#### GIVEN DATA
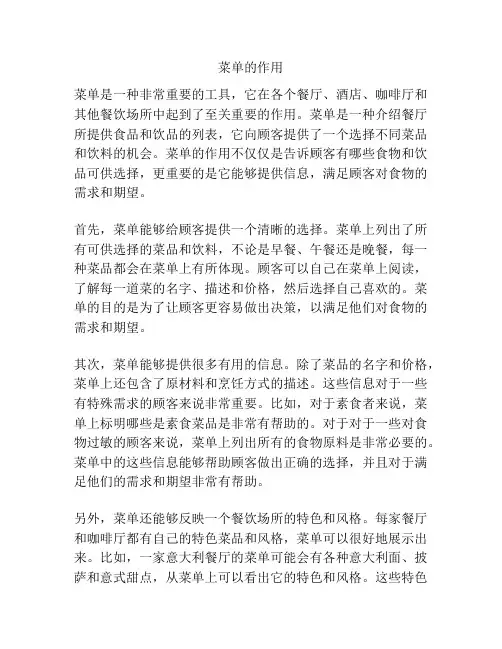 菜单的作用
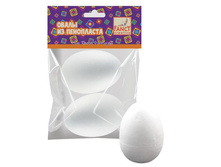 ����� ������ �� ����������, d=70��; 2 ��., � ��������� 53,36.jpg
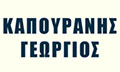 Λογότυπο ΚΑΠΟΥΡΑΝΗΣ ΓΕΩΡΓΙΟΣ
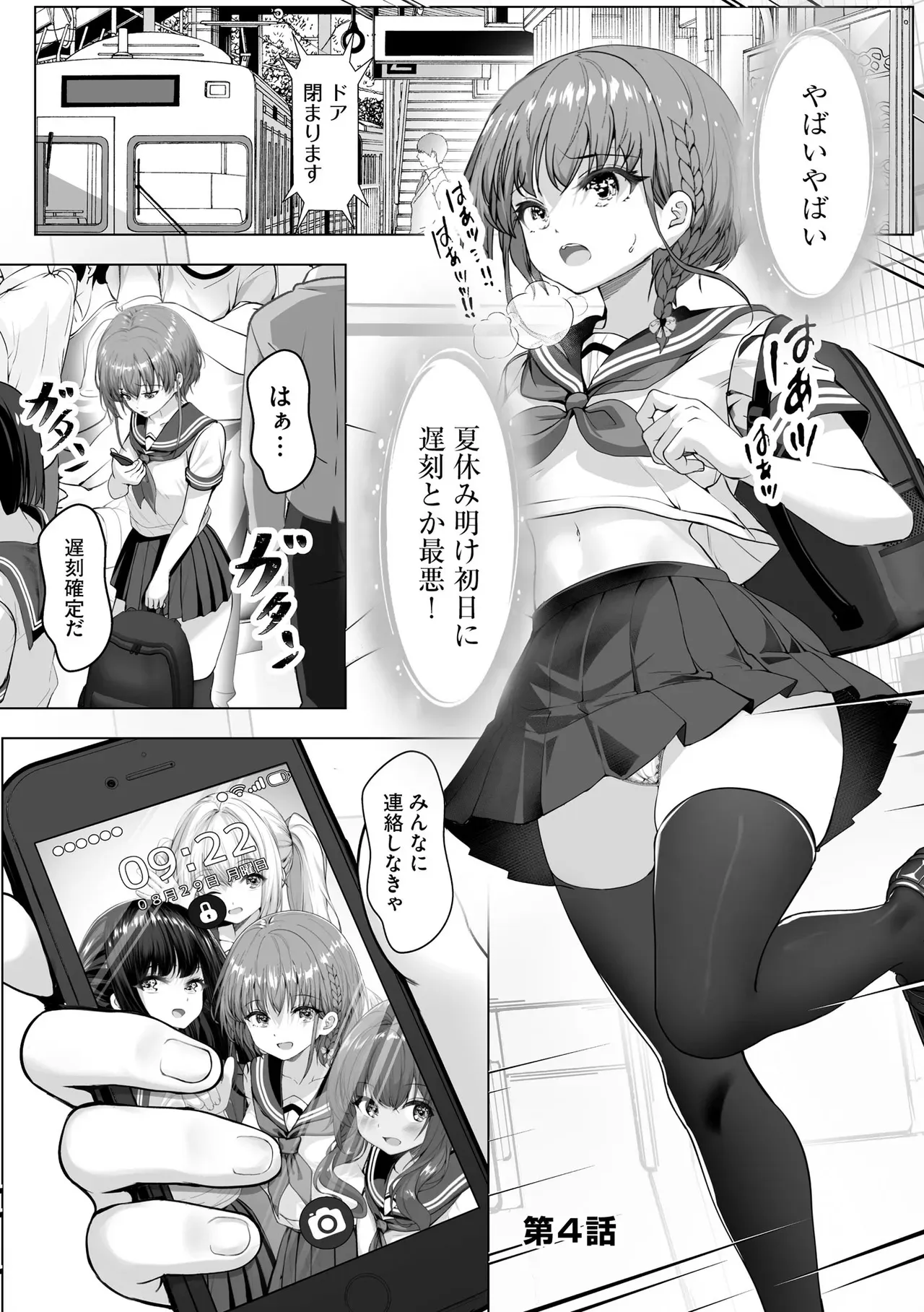 Page 73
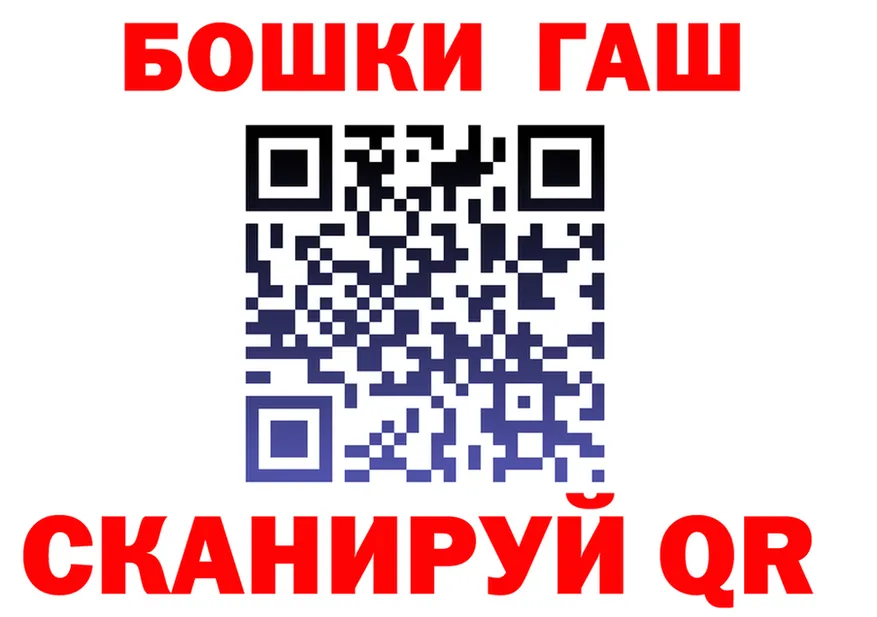 ГАШ Изолятор ссылки shop hydra Скопин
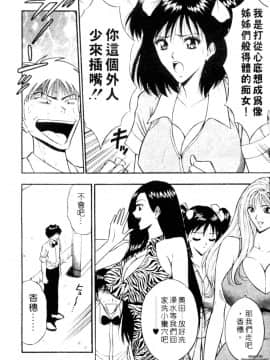 [ながしま超助] 千城家の事情_077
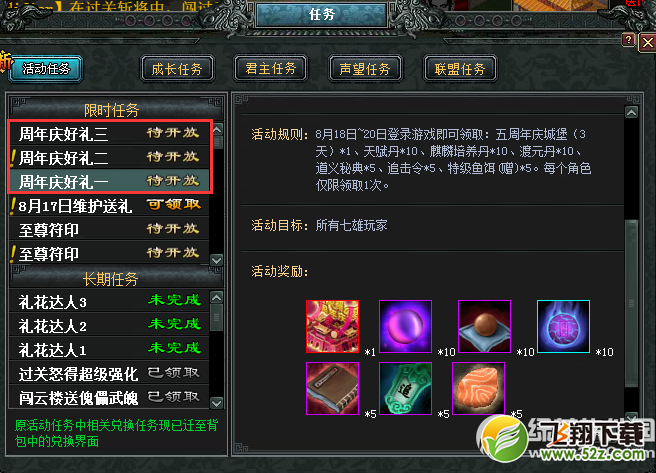 七雄争霸五周年庆活动 好礼天天送1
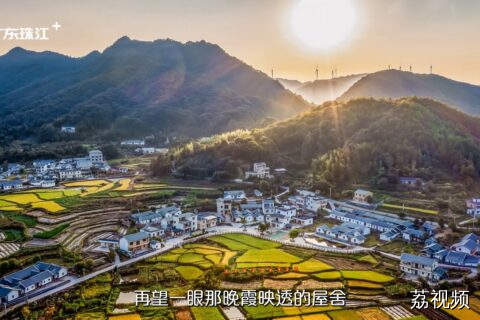 #百千万纪事 在梅州平远，感受“一半诗意，一半烟火”
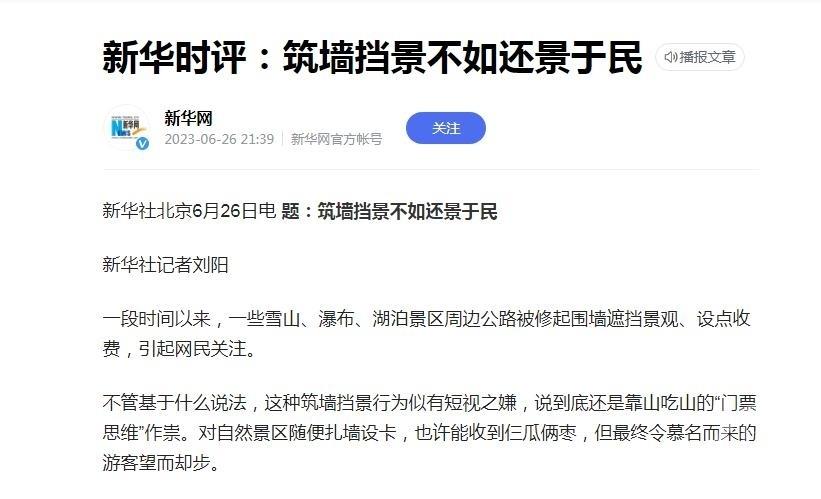 新华社发文狠批“筑墙挡景”，被曝光景区的“墙”还能挺多久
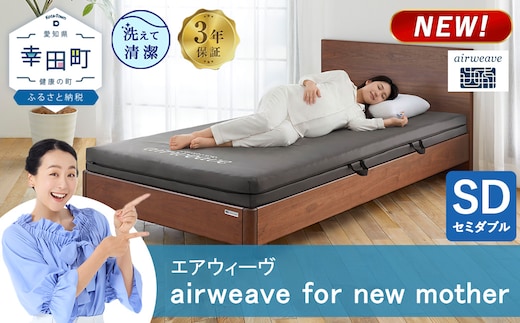 airweave for new mother セミダブル | エアウィーヴ 高反発 赤ちゃん マットレスパッド マットレストッパー ベッドパッド 高反発マットレス 肩周りが柔らかい 寝返りしやすい 洗える布団 敷布団 マットレス 日本製 airweave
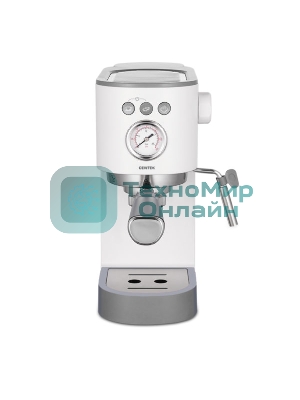 Кофеварка рожковая Centek CT-1168 белый, исп. кофе - молотый, 1.2 л, 1350 Вт, 20 бар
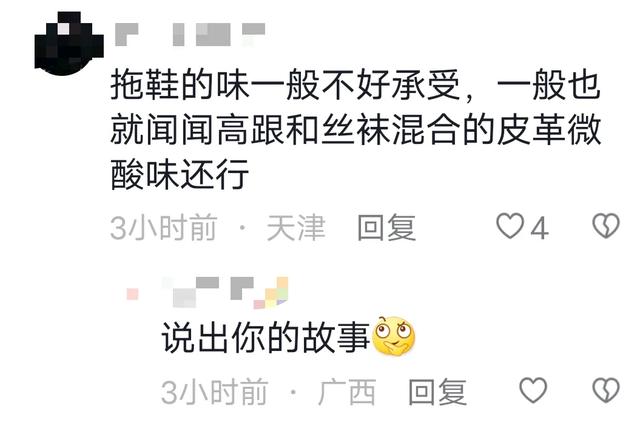 酸的吧！广东一送餐员竟在门外舔舐女业主鞋子，网友众说纷纭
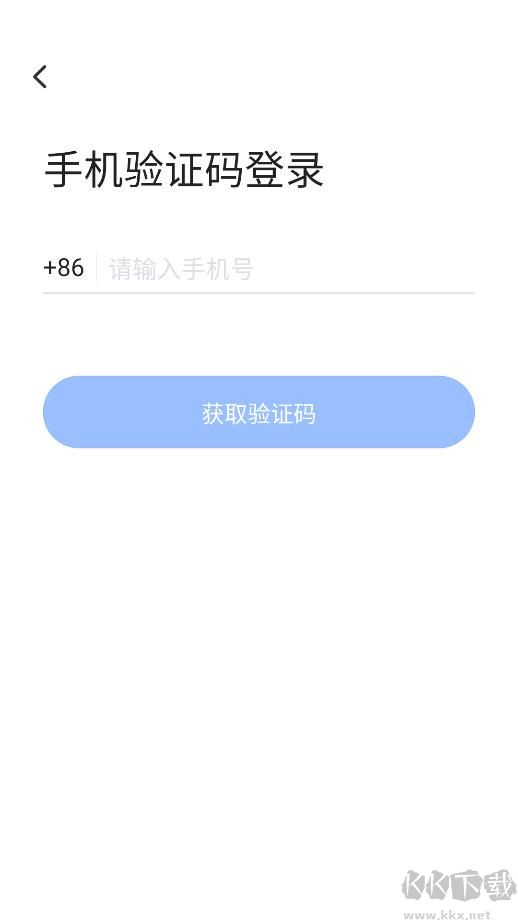 飛語(yǔ)會(huì)議app(效率辦公)官方最新版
########
WHAT IS NEEDED> Without changing a word, retype the data above and omit its pictures.

OUTPUT BELOW>
 菜单的作用
 ����� ������ �� ����������, d=70��; 2 ��., � ��������� 53,36.jpg
 Λογότυπο ΚΑΠΟΥΡΑΝΗΣ ΓΕΩΡΓΙΟΣ
 Page 73
 ГАШ Изолятор ссылки shop hydra Скопин
 [ながしま超助] 千城家の事情_077
 七雄争霸五周年庆活动 好礼天天送1
 #百千万纪事 在梅州平远，感受“一半诗意，一半烟火”
 新华社发文狠批“筑墙挡景”，被曝光景区的“墙”还能挺多久
 airweave for new mother セミダブル | エアウィーヴ 高反発 赤ちゃん マットレスパッド マットレストッパー ベッドパッド 高反発マットレス 肩周りが柔らかい 寝返りしやすい 洗える布団 敷布団 マットレス 日本製 airweave
 Кофеварка рожковая Centek CT-1168 белый, исп. кофе - молотый, 1.2 л, 1350 Вт, 20 бар
 酸的吧！广东一送餐员竟在门外舔舐女业主鞋子，网友众说纷纭
 飛語(yǔ)會(huì)議app(效率辦公)官方最新版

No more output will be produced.